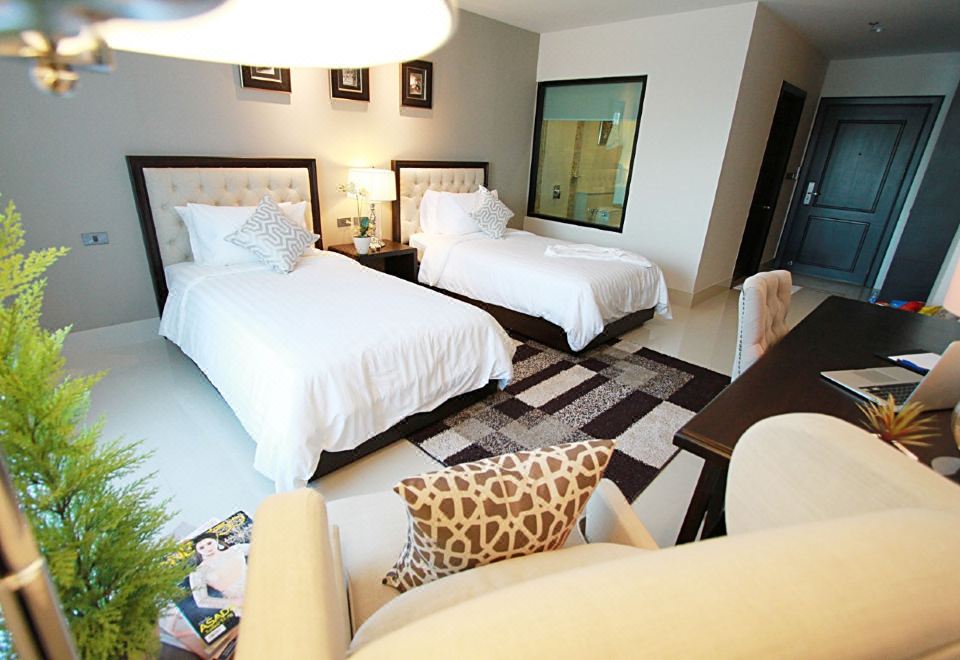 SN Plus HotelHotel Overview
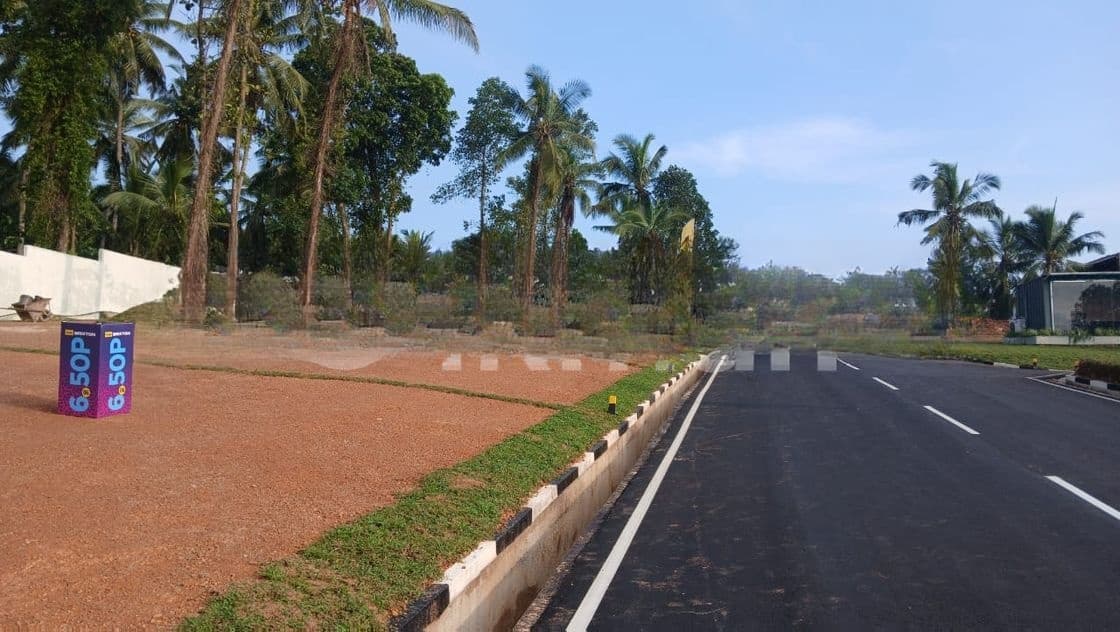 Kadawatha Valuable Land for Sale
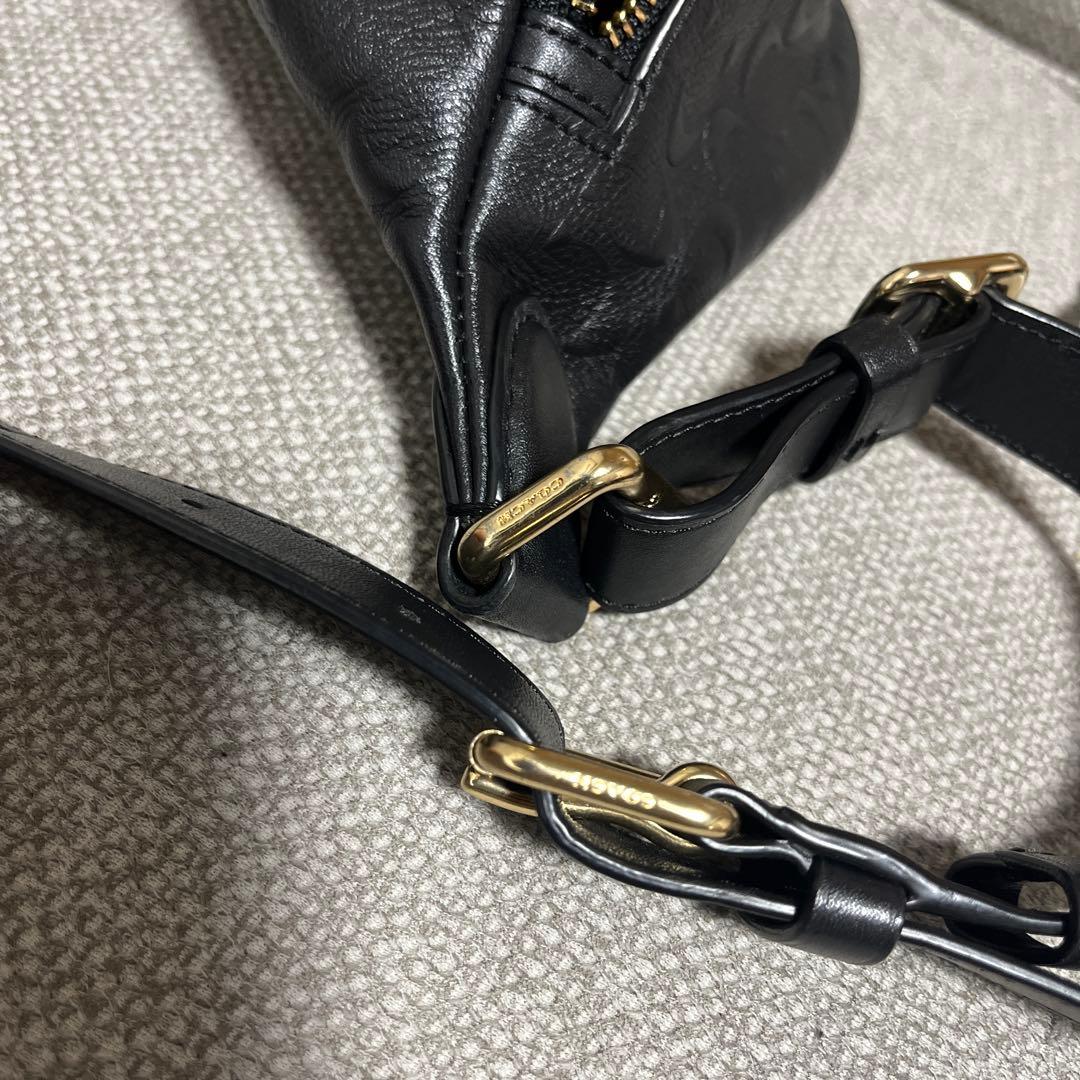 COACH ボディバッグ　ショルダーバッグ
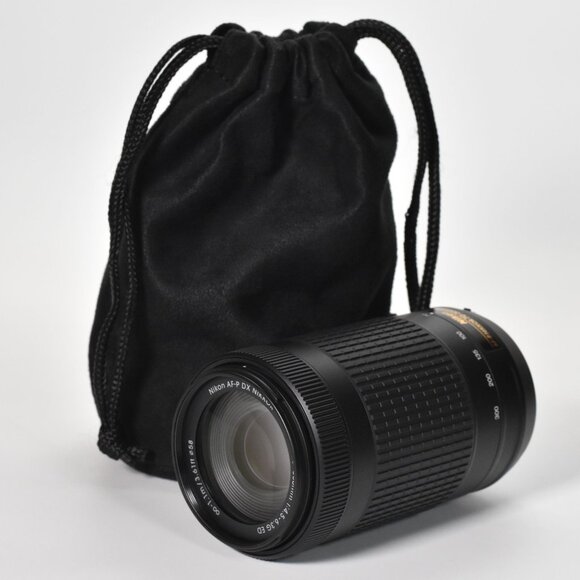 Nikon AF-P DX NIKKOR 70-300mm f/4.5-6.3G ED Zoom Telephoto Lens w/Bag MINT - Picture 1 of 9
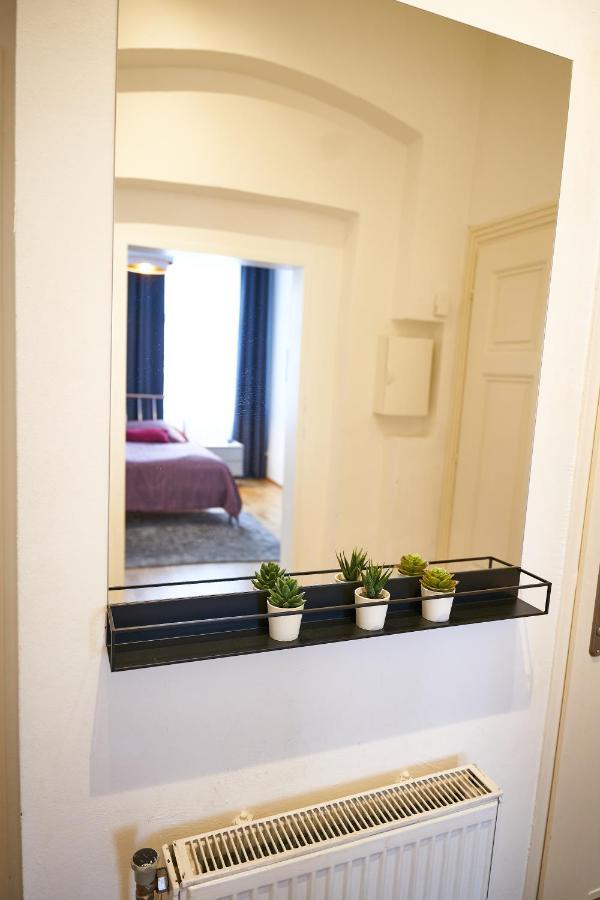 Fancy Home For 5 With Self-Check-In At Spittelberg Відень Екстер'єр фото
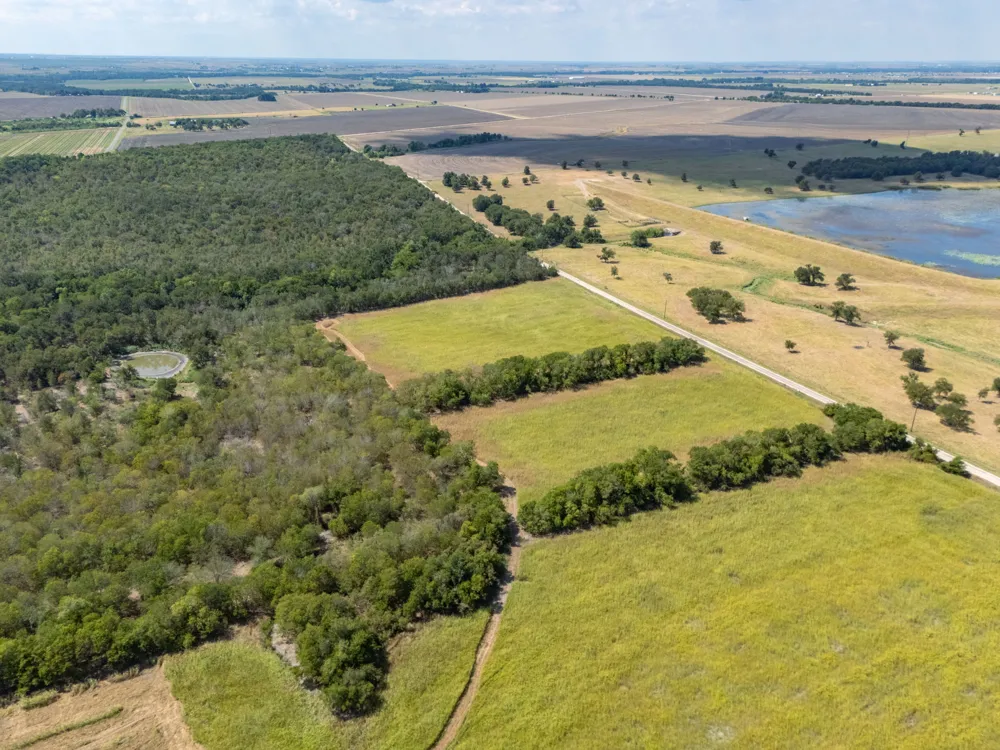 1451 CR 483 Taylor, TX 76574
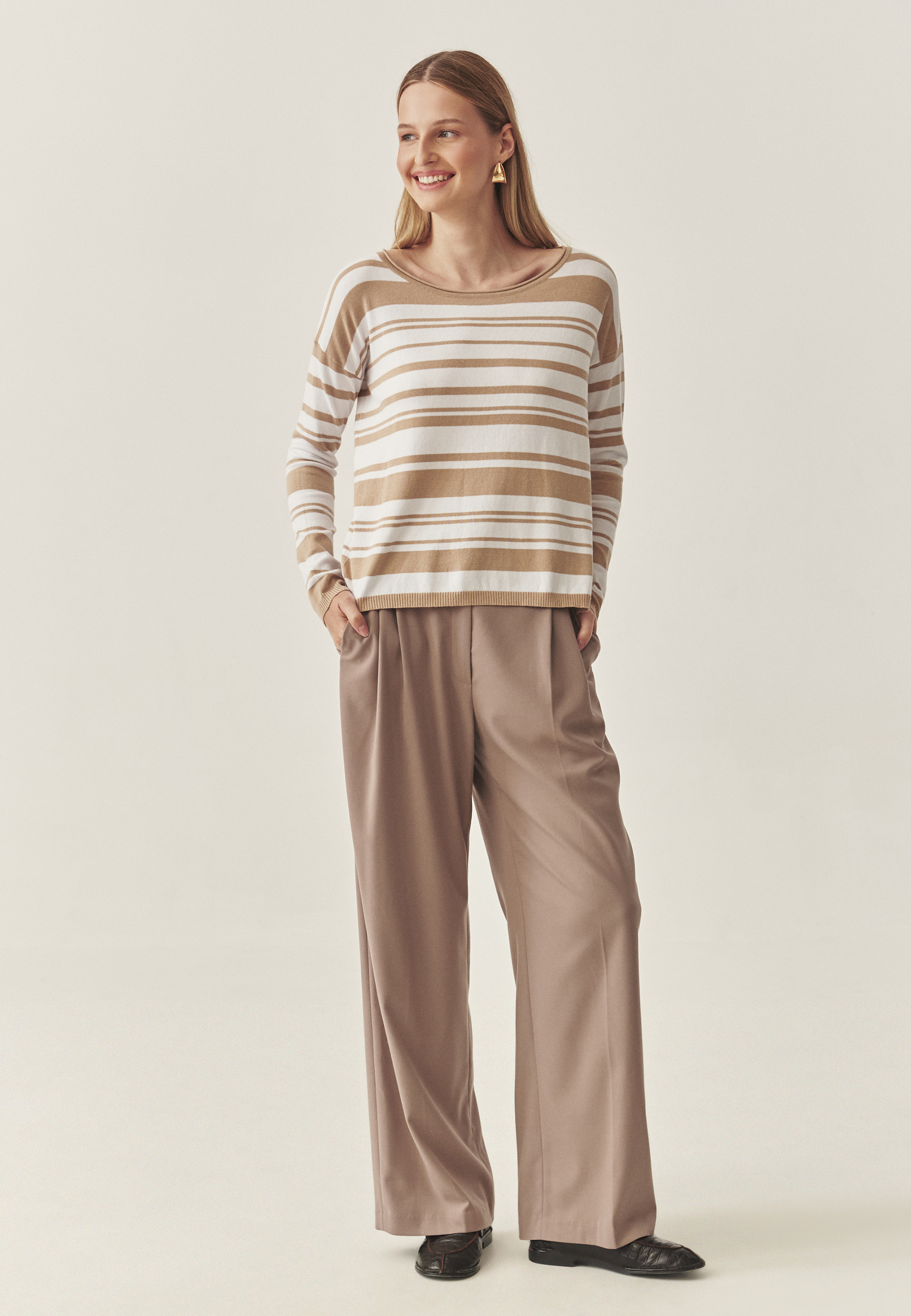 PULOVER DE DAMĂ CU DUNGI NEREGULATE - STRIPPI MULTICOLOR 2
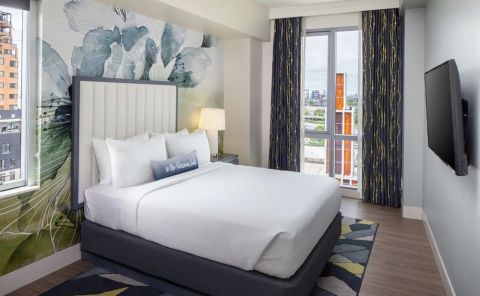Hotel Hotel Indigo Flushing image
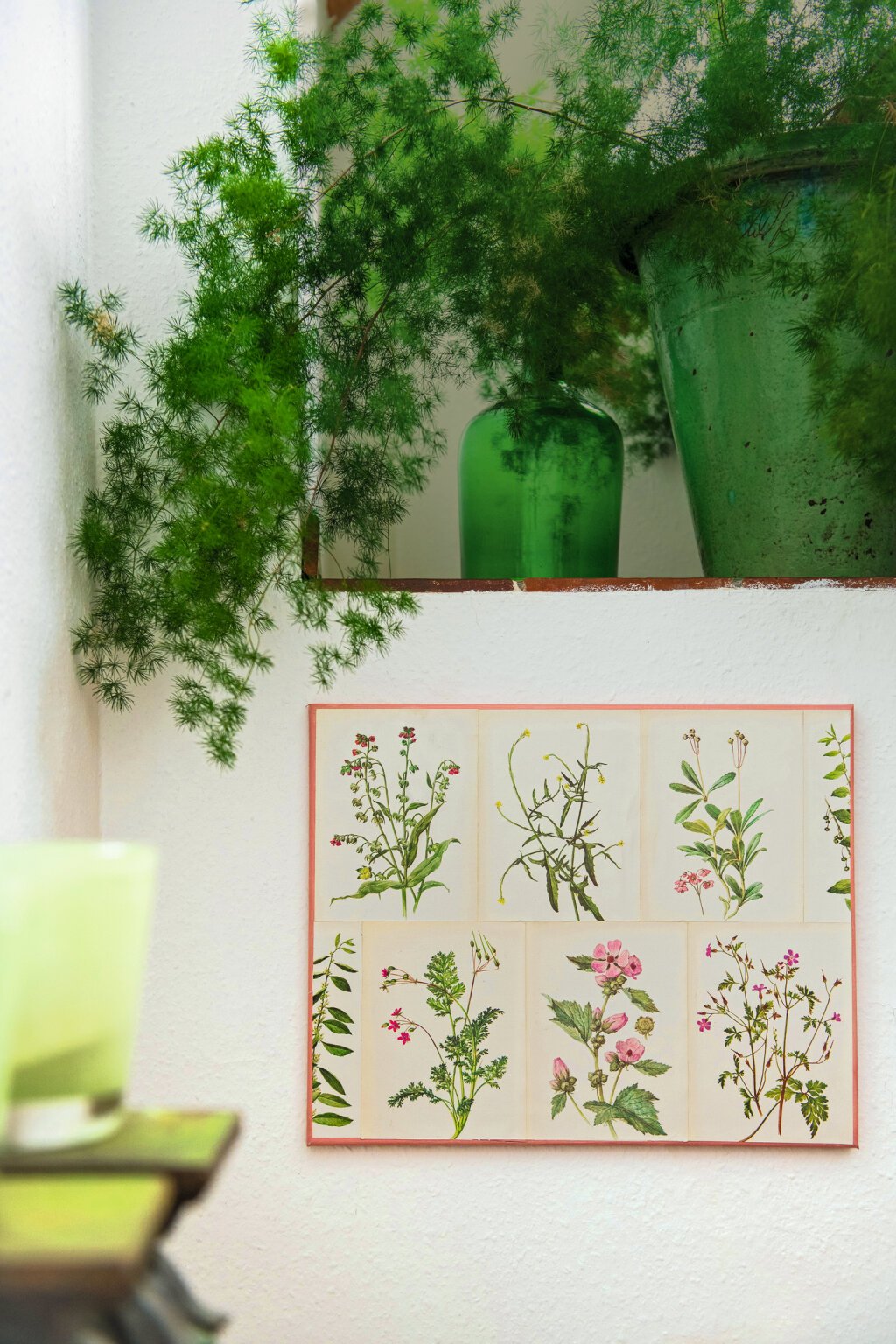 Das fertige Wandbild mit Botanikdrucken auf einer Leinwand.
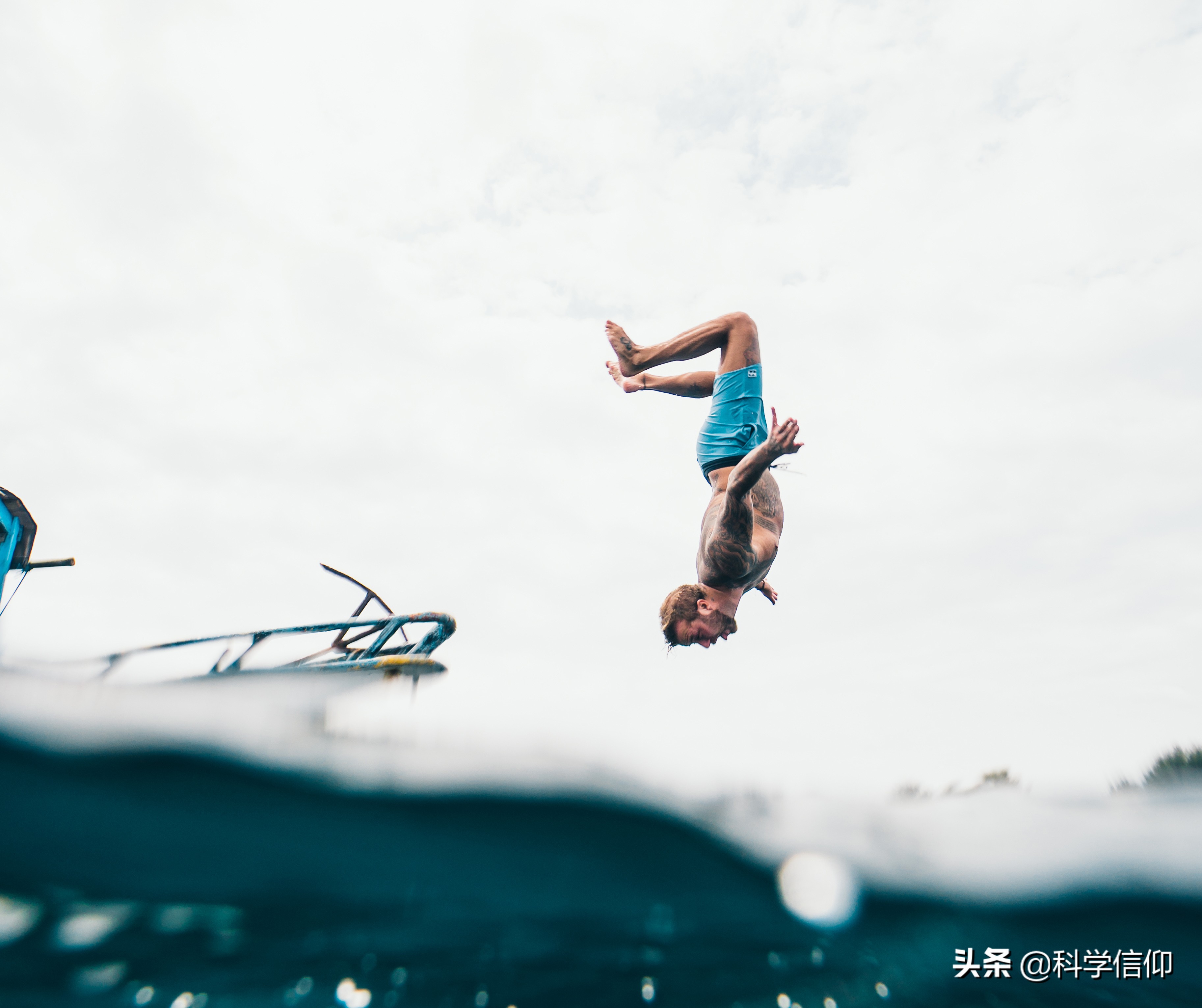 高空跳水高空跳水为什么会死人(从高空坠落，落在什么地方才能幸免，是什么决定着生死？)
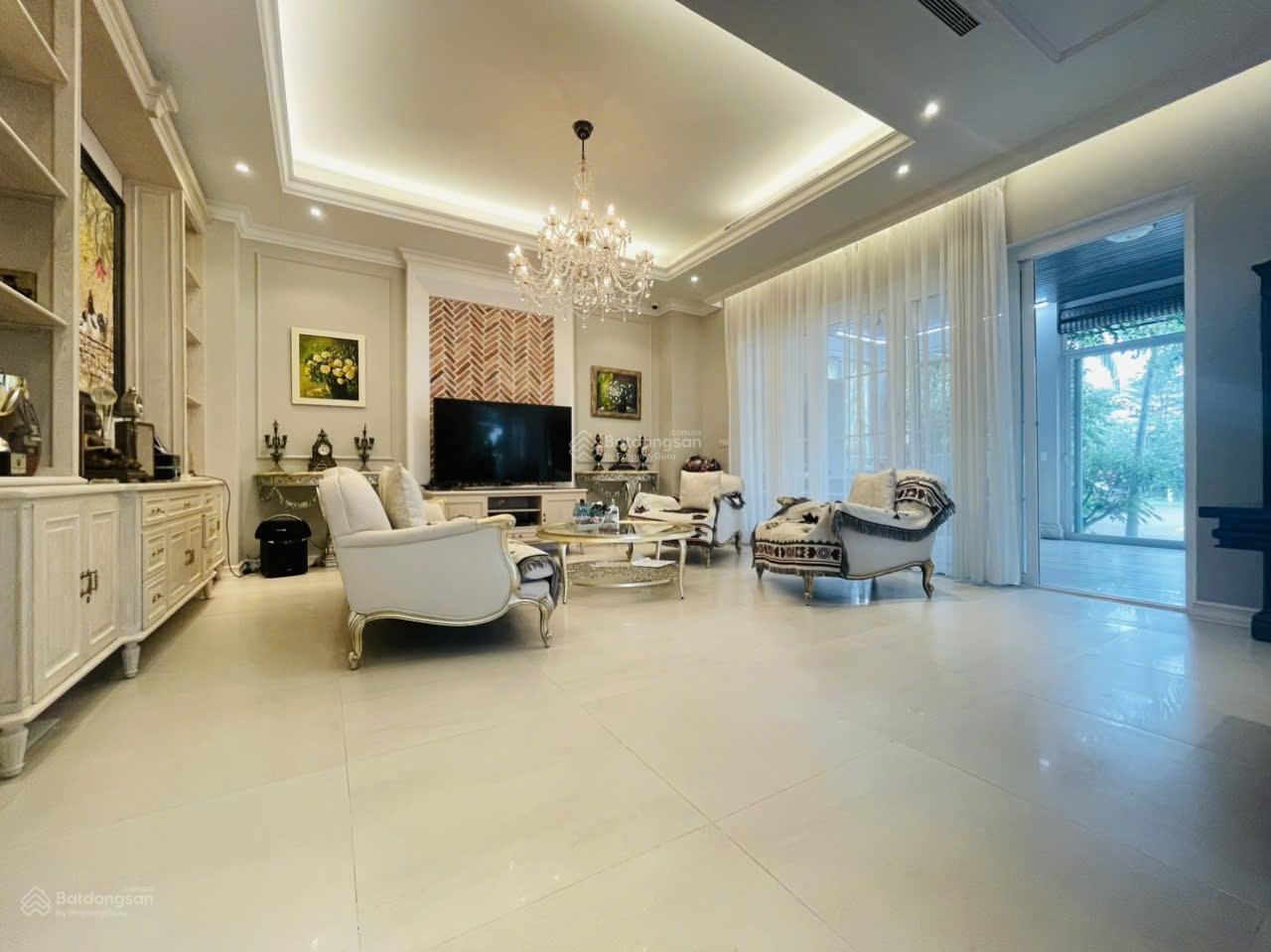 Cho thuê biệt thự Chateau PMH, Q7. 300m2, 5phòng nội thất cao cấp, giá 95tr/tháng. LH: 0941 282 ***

---*---

**Task item:**
Output every entry above verbatim, but leave out the pictures.

**Answer:**
 SN Plus HotelHotel Overview
 Kadawatha Valuable Land for Sale
 COACH ボディバッグ　ショルダーバッグ
 Nikon AF-P DX NIKKOR 70-300mm f/4.5-6.3G ED Zoom Telephoto Lens w/Bag MINT - Picture 1 of 9
 Fancy Home For 5 With Self-Check-In At Spittelberg Відень Екстер'єр фото
 1451 CR 483 Taylor, TX 76574
 PULOVER DE DAMĂ CU DUNGI NEREGULATE - STRIPPI MULTICOLOR 2
Hotel Hotel Indigo Flushing image
 Das fertige Wandbild mit Botanikdrucken auf einer Leinwand.
 高空跳水高空跳水为什么会死人(从高空坠落，落在什么地方才能幸免，是什么决定着生死？)
 Cho thuê biệt thự Chateau PMH, Q7. 300m2, 5phòng nội thất cao cấp, giá 95tr/tháng. LH: 0941 282 ***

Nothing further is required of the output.